When it comes to maritime Europe, it seems the Mediterranean Sea gets most of the attention – its warm water and golden beaches attracting tourists, while its geography has made it an important trade route since ancient civilisations emerged on its shores.
In comparison, the Baltic Sea in the north of Europe can often be a bit overlooked.
Too cold for swimming much of the year (except for people braver than me) and without the beautiful sun-soaked islands, the Baltic Sea doesn’t have nearly the number of holidays resorts as the Med.
And, without a thoroughfare like the Suez Canal, and bordering just a handful of countries, it can’t really compete economically with the heavy traffic that moves through Europe’s southern sea.

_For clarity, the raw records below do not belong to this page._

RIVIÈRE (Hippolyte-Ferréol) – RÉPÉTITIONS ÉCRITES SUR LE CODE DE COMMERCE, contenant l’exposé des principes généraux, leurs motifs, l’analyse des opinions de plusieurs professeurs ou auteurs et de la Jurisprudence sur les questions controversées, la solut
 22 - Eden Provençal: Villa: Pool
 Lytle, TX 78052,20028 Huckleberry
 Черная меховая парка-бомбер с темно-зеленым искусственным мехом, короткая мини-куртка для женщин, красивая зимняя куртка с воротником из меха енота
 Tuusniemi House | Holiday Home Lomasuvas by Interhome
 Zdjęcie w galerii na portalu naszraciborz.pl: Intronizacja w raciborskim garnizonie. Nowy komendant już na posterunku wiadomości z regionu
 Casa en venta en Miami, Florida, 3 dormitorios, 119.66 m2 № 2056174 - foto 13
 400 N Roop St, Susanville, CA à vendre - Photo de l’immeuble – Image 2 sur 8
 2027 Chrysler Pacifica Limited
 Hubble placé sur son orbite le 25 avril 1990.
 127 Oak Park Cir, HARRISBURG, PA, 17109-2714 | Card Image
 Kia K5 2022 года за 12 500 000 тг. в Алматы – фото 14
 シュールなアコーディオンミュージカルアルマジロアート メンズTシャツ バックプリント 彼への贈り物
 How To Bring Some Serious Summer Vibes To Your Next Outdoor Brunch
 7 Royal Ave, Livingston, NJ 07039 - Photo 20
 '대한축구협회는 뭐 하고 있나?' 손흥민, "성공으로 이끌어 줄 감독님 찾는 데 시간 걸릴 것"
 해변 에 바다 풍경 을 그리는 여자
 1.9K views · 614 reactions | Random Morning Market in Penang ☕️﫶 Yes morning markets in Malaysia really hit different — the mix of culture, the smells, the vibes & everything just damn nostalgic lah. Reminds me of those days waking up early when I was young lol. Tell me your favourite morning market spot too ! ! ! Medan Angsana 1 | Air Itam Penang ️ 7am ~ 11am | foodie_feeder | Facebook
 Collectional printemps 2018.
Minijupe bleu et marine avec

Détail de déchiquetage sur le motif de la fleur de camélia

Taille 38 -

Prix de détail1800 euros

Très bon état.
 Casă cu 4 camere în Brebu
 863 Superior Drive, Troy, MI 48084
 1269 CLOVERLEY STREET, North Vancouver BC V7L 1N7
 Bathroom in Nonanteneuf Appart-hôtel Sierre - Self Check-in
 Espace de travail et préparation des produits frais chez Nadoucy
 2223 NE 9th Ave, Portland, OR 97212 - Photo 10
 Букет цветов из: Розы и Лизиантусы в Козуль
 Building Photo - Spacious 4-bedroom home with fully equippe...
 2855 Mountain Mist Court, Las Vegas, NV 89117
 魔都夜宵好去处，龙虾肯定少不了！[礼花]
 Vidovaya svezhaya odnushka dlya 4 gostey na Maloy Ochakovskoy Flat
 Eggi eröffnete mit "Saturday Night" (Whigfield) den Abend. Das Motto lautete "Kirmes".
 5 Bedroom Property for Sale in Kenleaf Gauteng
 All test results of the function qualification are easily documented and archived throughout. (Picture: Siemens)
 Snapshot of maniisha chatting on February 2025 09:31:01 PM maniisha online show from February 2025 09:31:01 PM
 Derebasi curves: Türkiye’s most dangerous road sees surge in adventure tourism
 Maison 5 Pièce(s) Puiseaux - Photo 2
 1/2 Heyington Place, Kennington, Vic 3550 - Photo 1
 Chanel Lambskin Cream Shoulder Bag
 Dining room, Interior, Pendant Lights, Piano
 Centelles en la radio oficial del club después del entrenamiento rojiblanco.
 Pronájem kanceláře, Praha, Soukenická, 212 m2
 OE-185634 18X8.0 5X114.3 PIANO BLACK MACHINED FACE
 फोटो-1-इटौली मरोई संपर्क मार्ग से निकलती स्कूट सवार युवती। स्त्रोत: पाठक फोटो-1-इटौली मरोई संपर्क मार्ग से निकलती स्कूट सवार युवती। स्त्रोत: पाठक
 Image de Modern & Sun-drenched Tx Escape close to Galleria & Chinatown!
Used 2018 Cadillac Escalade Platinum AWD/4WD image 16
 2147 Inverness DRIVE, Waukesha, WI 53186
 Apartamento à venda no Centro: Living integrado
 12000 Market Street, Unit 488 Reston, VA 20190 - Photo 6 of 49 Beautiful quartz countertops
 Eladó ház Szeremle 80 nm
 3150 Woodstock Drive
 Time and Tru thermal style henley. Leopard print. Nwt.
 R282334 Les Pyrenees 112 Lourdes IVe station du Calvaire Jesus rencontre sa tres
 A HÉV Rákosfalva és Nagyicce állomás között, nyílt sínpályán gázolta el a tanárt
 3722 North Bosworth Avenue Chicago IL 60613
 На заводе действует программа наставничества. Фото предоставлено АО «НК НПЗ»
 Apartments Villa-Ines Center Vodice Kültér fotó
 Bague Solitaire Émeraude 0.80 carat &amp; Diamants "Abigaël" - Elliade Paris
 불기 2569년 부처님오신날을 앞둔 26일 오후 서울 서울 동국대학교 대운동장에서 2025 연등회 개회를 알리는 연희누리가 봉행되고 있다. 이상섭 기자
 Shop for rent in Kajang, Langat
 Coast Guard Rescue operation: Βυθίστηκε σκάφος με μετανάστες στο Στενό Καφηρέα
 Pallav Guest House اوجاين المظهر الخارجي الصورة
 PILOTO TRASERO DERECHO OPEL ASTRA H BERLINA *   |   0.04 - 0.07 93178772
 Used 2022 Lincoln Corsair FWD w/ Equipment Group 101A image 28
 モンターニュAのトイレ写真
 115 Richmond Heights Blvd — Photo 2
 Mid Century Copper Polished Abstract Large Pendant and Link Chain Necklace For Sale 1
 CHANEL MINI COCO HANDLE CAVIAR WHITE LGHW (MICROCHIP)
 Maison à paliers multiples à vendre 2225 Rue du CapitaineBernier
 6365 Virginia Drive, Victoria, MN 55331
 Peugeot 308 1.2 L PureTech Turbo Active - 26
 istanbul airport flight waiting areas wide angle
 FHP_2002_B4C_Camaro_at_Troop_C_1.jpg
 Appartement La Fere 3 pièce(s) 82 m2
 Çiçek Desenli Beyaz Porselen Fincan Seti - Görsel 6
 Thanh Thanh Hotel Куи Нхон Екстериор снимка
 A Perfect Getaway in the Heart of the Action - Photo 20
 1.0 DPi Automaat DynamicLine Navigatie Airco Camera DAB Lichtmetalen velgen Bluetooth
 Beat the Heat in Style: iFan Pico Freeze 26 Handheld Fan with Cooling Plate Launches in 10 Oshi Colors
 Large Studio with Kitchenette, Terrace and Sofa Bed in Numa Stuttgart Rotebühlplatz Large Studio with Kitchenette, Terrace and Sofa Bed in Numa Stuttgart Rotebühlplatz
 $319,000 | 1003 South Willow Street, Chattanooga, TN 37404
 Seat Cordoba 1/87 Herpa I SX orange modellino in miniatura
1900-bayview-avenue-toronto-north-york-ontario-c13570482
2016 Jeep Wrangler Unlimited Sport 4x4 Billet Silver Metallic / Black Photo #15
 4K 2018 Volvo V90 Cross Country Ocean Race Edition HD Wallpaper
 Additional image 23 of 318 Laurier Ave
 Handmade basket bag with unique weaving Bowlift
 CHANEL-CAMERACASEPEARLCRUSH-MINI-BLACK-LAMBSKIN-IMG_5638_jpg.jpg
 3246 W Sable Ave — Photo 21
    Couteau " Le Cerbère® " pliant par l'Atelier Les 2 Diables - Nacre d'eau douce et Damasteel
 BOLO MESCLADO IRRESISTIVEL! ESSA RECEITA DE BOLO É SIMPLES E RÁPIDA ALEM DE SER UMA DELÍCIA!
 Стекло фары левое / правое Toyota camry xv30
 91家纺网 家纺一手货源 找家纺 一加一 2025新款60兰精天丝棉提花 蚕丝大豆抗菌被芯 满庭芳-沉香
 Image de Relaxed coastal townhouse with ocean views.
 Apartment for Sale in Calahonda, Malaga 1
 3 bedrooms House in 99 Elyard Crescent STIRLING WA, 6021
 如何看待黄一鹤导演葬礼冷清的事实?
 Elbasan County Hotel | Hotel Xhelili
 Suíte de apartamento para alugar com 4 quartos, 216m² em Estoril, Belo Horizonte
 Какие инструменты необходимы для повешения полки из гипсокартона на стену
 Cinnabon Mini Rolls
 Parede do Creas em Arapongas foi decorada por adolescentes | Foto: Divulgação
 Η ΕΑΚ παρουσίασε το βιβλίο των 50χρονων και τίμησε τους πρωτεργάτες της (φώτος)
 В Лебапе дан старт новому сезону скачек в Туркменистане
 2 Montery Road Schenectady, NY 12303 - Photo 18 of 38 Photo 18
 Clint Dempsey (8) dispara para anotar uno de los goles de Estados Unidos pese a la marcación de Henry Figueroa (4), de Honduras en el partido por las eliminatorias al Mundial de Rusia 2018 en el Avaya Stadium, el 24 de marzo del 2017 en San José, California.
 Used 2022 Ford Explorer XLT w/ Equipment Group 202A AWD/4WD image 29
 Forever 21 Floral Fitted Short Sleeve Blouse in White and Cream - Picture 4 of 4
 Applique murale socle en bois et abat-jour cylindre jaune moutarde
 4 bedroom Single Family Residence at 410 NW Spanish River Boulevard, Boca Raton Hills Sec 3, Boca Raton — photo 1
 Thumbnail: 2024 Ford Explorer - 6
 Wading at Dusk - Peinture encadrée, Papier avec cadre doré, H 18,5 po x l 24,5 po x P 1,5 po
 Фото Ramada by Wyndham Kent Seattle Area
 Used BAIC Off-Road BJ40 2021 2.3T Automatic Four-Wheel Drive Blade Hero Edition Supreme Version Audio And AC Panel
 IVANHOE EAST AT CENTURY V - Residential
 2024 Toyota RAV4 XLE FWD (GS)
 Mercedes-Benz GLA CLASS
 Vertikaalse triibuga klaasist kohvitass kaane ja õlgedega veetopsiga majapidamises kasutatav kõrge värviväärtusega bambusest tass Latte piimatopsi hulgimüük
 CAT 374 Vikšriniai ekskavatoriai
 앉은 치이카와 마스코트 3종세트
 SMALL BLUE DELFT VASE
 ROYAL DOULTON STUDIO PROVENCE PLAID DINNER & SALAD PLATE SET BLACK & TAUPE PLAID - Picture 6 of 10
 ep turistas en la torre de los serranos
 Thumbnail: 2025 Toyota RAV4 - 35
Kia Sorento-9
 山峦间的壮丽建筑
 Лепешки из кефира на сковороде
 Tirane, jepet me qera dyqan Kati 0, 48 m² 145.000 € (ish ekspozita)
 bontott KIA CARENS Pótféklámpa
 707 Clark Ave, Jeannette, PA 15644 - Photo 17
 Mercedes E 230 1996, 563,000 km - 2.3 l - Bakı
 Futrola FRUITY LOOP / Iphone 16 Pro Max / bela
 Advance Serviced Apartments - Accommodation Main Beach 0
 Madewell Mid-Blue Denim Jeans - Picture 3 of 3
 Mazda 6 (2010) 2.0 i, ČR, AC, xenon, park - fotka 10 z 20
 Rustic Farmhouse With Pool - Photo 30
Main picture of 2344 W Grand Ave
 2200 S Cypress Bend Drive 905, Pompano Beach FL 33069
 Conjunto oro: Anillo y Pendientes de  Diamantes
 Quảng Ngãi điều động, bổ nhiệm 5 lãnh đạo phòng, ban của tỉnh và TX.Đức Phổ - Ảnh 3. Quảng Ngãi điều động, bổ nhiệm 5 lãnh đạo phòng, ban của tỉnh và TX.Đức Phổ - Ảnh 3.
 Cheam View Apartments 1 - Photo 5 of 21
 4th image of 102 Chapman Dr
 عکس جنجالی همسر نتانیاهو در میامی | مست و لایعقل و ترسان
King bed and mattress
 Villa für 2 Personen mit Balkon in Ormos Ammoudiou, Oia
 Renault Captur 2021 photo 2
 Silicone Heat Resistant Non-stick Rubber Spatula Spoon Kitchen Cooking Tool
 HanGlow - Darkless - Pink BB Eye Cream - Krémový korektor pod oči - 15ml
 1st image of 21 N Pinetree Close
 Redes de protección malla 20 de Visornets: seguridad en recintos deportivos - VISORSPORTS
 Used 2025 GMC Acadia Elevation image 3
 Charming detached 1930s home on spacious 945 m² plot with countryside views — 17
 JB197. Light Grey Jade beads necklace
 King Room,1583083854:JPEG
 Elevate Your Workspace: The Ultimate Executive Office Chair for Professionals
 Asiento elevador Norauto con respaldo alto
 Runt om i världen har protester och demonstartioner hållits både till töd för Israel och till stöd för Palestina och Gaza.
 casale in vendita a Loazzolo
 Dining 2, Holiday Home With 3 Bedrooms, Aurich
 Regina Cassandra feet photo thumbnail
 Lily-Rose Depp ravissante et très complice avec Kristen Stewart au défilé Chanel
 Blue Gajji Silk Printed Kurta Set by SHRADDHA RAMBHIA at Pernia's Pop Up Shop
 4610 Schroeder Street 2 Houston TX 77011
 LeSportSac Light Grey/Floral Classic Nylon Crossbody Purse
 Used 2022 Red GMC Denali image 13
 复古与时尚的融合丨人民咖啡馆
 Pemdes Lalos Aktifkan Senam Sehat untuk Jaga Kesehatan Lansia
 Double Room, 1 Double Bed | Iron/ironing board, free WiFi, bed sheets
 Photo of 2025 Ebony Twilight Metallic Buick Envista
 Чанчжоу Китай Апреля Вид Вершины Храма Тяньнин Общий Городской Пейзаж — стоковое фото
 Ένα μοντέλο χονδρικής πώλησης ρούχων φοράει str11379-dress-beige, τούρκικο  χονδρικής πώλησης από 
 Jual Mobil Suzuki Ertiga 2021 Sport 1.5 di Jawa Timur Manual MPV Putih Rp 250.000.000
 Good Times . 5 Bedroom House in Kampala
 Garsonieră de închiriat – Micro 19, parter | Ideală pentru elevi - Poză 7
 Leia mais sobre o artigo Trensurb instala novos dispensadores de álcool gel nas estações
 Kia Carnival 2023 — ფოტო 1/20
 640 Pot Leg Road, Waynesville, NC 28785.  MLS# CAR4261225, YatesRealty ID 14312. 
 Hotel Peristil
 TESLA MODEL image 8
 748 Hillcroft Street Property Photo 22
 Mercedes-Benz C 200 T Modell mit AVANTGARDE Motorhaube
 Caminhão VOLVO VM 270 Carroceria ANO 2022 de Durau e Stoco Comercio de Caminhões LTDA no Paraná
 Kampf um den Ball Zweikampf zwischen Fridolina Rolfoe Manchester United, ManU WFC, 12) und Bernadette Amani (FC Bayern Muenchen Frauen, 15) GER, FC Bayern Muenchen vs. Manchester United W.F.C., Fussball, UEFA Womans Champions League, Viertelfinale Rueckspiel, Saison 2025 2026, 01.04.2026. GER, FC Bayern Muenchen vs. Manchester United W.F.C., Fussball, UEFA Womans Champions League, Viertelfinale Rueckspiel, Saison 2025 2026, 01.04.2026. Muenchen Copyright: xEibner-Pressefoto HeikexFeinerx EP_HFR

But, this wasn’t always the case. The Baltic Sea was once one of the most commercially significant waterways in Europe. And, as I’ve travelled more around its coast, I’ve come to appreciate the treasures that have remained from that time.
Sure, there may not be many beaches, islands, or sun-filled resorts – but the Baltic Coast has some of the most beautiful historic cities in Europe.
Founded in the 13th century, the medieval city of Wismar was built around a harbour basin that made it a convenient place for ships to stop along the trading routes of northern Europe.
But even more than that, Wismar had what was considered to be the best harbour on the southern shore of the Baltic Sea, making it particularly popular for traders. And that meant that lots of people wanted to live here to make the most of all the business.
Within a century of being founded, Wismar was an important intermediary in products like wool, wax, fur, and salt. In particular it played a big role in the herring industry (perhaps no surprise when you see the cuisine of the region). And it was also a big exporter of its own product – beer.
Many of the things to do in Wismar still relate to this time, when it was at the apex of its power and wealth.
The people of the city had a huge amount of independence – from any external ruler, but also in terms of individual civil liberties. And the pride they felt from this is reflected in grand buildings like the town hall, city gates, and fortifications.